#### Data

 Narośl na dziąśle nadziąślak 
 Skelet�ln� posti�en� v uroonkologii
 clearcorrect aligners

########
#### Data

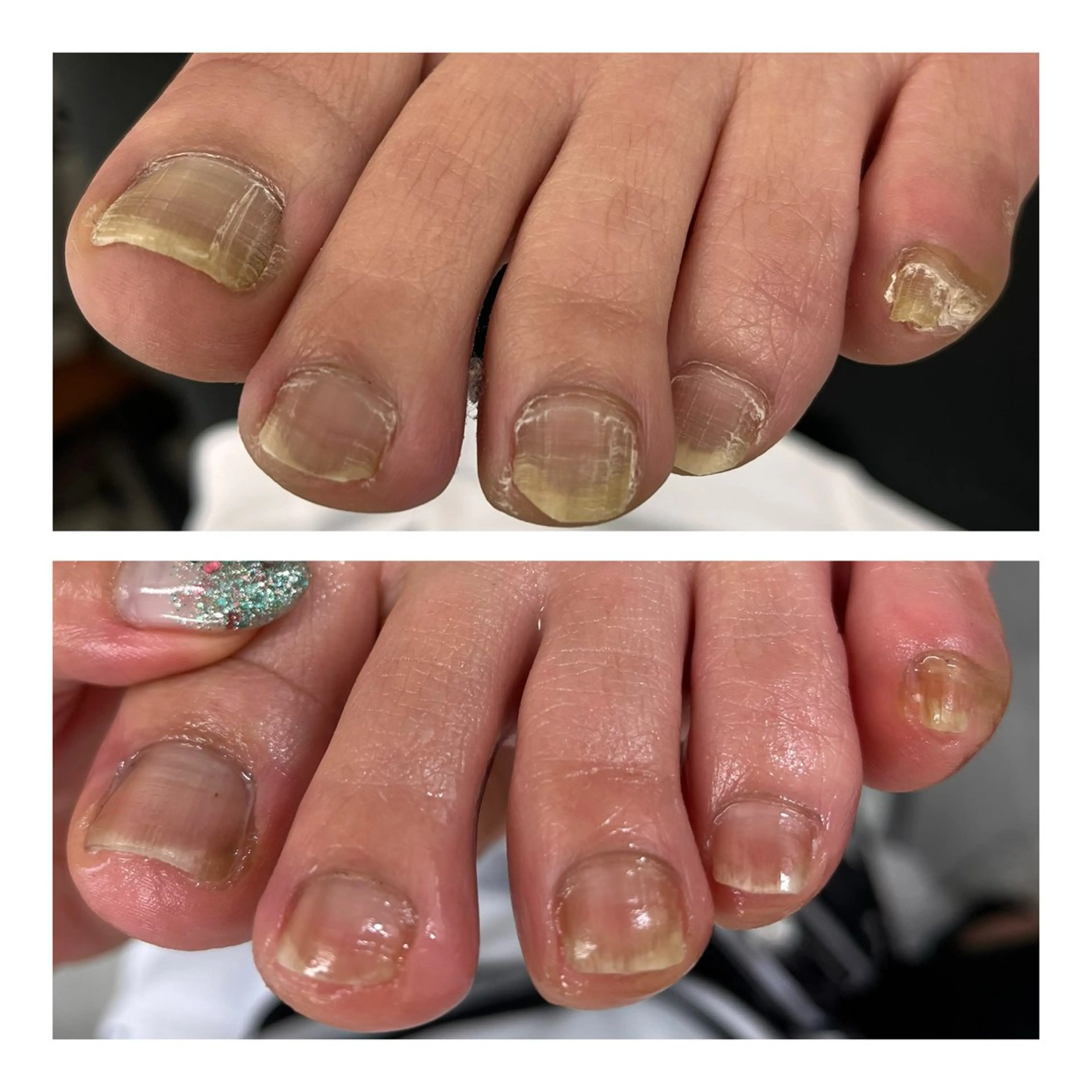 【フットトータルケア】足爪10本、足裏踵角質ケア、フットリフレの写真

########
#### Data

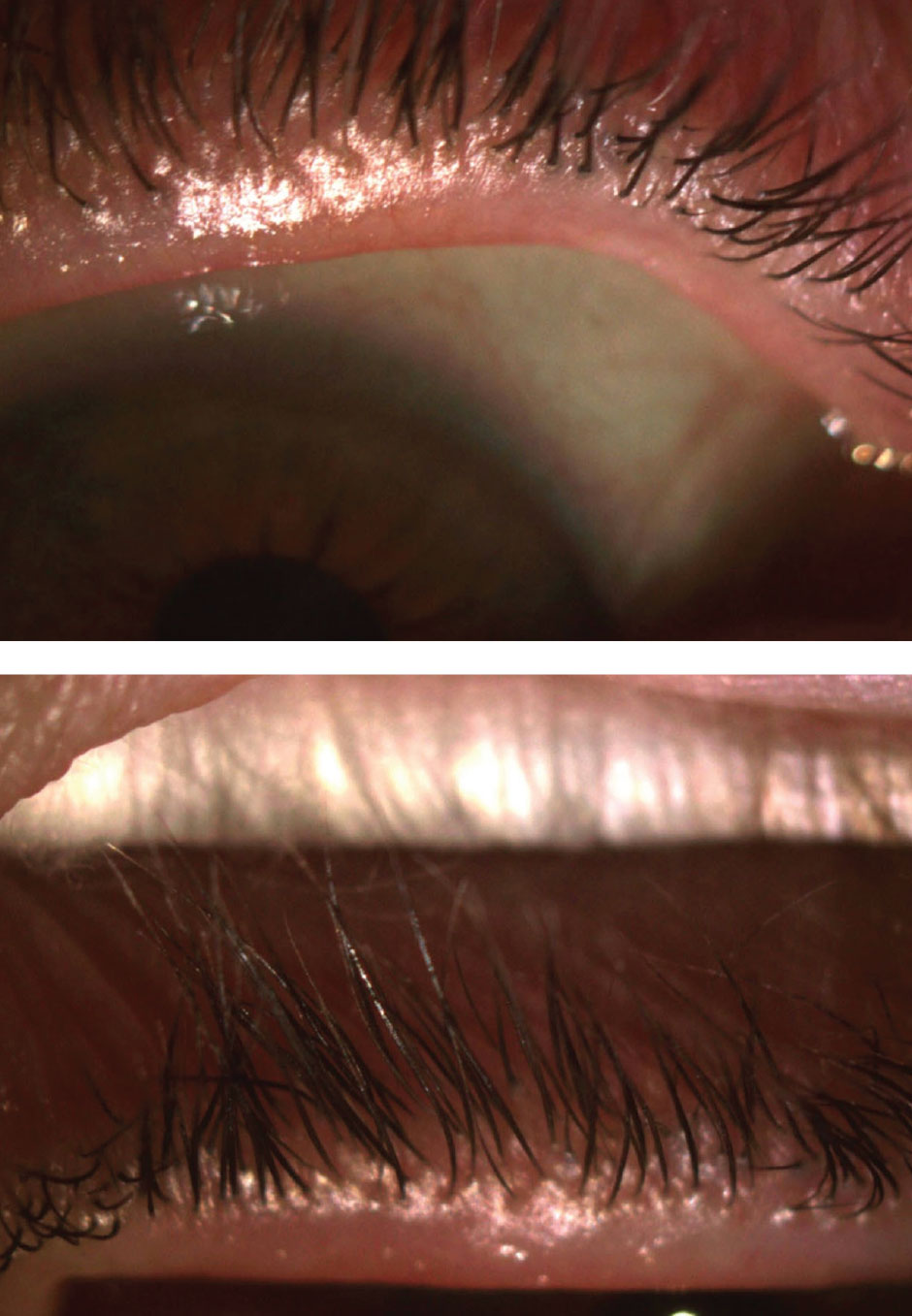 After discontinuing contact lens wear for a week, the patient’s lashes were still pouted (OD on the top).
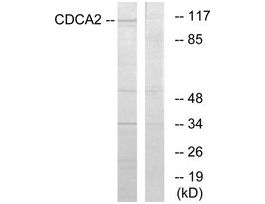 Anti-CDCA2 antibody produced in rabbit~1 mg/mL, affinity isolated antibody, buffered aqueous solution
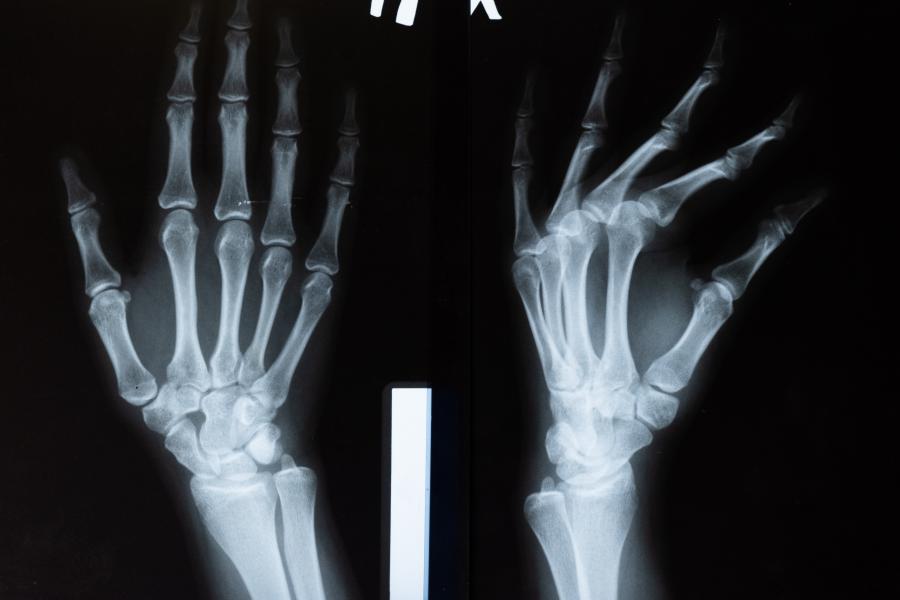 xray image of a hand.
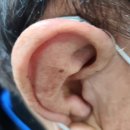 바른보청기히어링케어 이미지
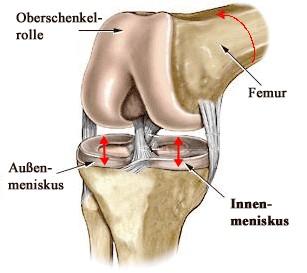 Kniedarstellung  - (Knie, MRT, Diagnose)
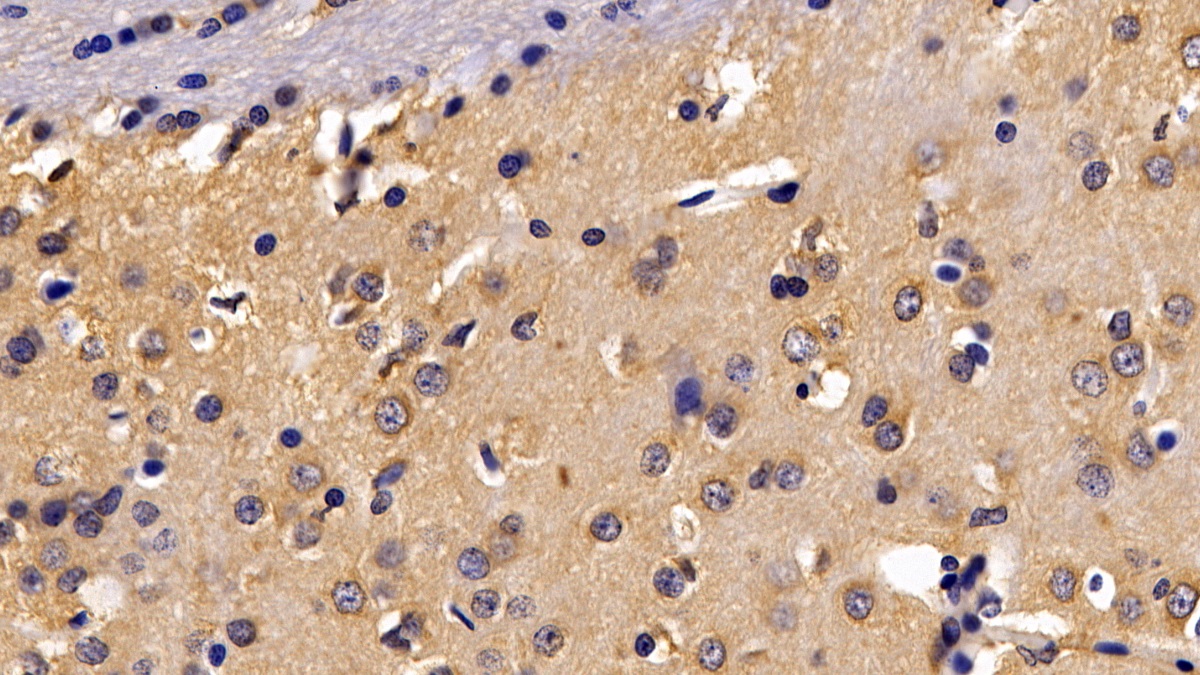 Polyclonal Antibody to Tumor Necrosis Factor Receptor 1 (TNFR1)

########

Once the line with "바른보청기히어링케어 이미지" is found in the data above, reproduce it and each line after it exactly, through the line with "Polyclonal Antibody to". Omit the pictures.

### Final answer
 바른보청기히어링케어 이미지
 Kniedarstellung  - (Knie, MRT, Diagnose)
 Polyclonal Antibody to Tumor Necrosis Factor Receptor 1 (TNFR1)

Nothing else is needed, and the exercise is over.